BioAmber betting on Sarnia

By Paul Morden, from www.theobserver.ca   The Observer

BioAmber has a lot riding on the $135-million plant it’s building on Vidal Street in Sarnia.

“It is paramount,” company vice-president Mike Hartmann said following a tour of the construction site.

“There is nothing more important to BioAmber than this facility.”

Work began late last year on 11 acres at the Lanxess Bio-industrial Park, and construction is expected to finish in early 2015 on the facility where BioAmber will turn high fructose corn syrup into bio-succinic acid, a platform chemical used in the making of plastics, cosmetics and other products.

“It will determine our success as a company, and all our focus is on Sarnia,” Hartmann said.

The plant will be the young company’s first production site in North America and set the stage for two additional plants it has already planned.

“But nothing gets done without Sarnia,” Hartmann added.

BioAmber, formed approximately six years ago, has been making bio-succinic acid at a facility in France using technology that originated in the 1990s with the U.S. Department of Energy. It announced in 2011 it would build a global-scale plant in Sarnia.

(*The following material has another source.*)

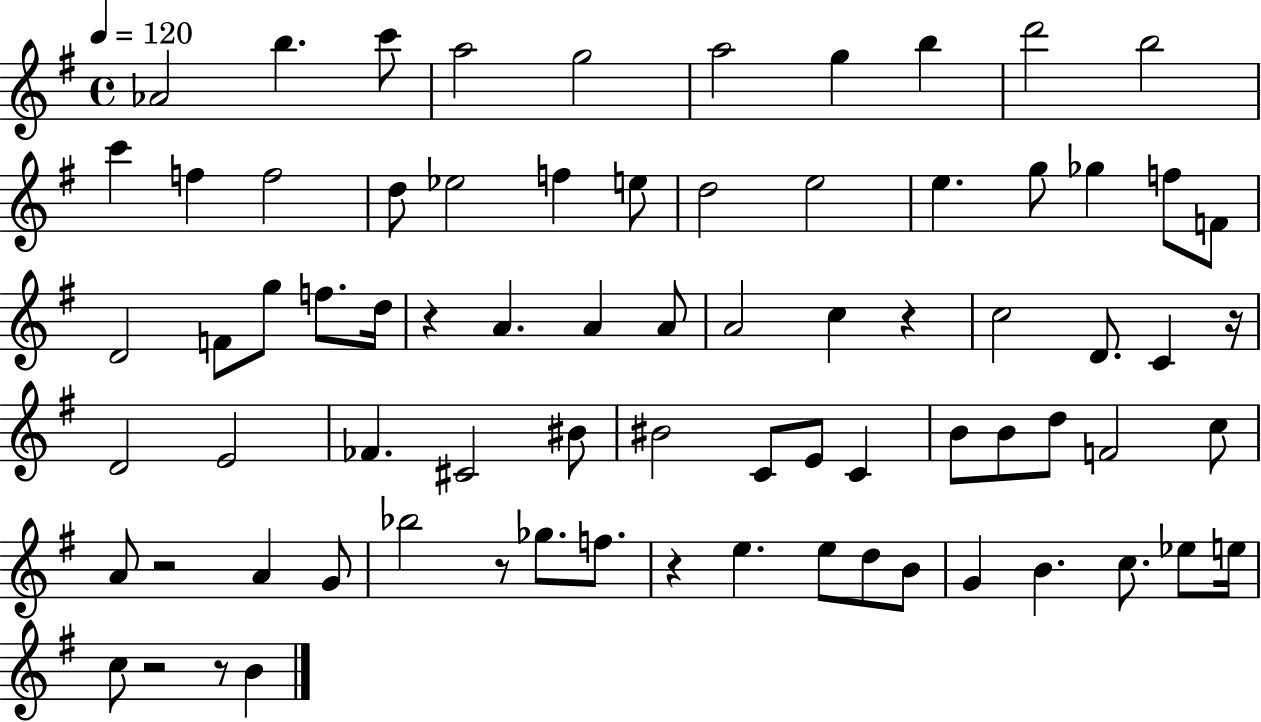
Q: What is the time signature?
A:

Since then, BioAmber has been developing and adjusting its plans, and putting financing in place through grants, government and commercial loans, partnerships and the stock market.

“Not often does a small company start from nowhere and end up building a huge, new disruptive technology that competes against incumbents extremely well,” Hartmann said.

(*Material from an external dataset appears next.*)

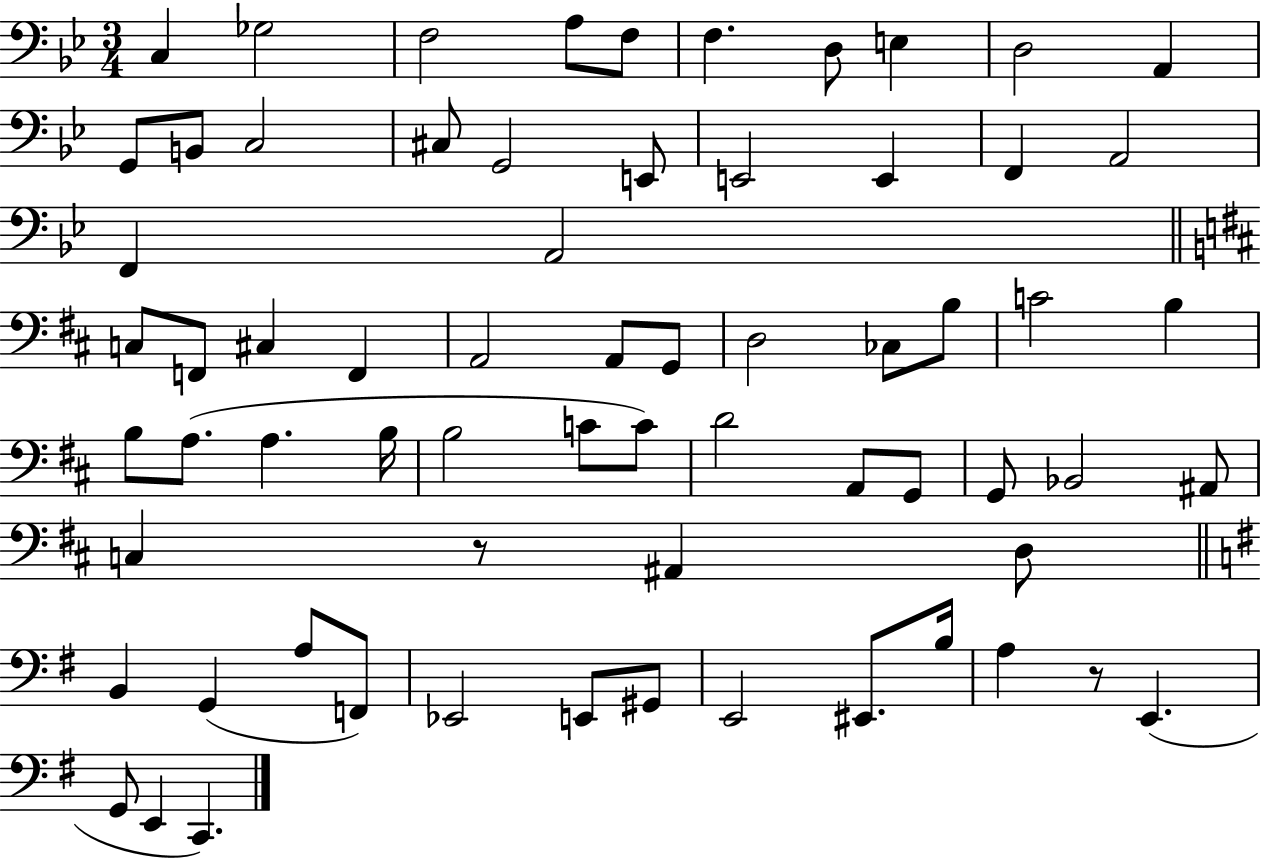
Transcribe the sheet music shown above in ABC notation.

As well as being a green technology with a negative carbon footprint, BioAmber’s corn-based succinic acid is cost-competitive with its petroleum-based competitors, the company says.

“Green is nice, and it’s important, but a lot of times customers won’t buy it if it’s more expensive,” Hartmann said.

Construction in Sarnia is on budget, and proceeding without any major issues, other than a few work days lost during the cold winter, he said.

A rare day of steamy high temperatures this week reduced the number of workers on site, but the mild summer has been a nearly perfect construction season, said health and safety manager Kelly Gulliford.

“If I was on vacation I wouldn’t be too happy . . . but for construction it has been amazing weather.”

Most of the siding is up on the office building and framing has been going up inside for offices, a large lab and a control room looking out on the process area.

Concrete bases are in place for the three large bio-converters that are part of the fermenting process that will begin in the lab and end at a warehouse where large bags of dry succinic acid will be trucked out.

“It looks like table salt,” Hartmann said.

The metal bio-converters are being manufactured in Sarnia at Kel-Gor and are expected to begin arriving soon at the site where they will be assembled in sections.

Steel for another section of the process area has been arriving and will be assembled quickly in the coming days, Gulliford said.

“You can smell the paint,” he said while walking by a fresh shipment of steel waiting to be unloaded.

“That was probably painted last night and then shipped here.”

The project has reached a point where changes and progress can been seen almost daily, he said.

Racks are already in place for pipes that will bring in steam from neighbouring Lanxess.

“Part of the reason BioAmber choose this site was because of the infrastructure,” Hartman said.

“We didn’t have to build our own boilers for steam. It’s very expensive to start from scratch.”

One of the biggest surprises for the company was the skilled labour, fabrication shops, and industrial construction experience it found in Sarnia-Lambton, Hartmann said.

“We didn’t realize the importance of it, as much as we do today.”

Along with an estimated 150 construction jobs, the plant is expected to employ 60 permanent workers when it’s up and operating.

Approximately 20 of those permanent workers have already been hired.

There are approximately 90 construction workers on site currently, and that number is expected grow in the coming weeks.

“We’re looking at 40 pipefitters and about the same for electricians,” Gulliford said.

“It’s going to be pretty significant here, pretty soon.”

Like other companies it is joining in Chemical Valley, BioAmber places an emphasis on safety; after more than 100,000 construction man hours so far, there have been no loss-time accidents.

“And hopefully, that continues,” Hartmann said.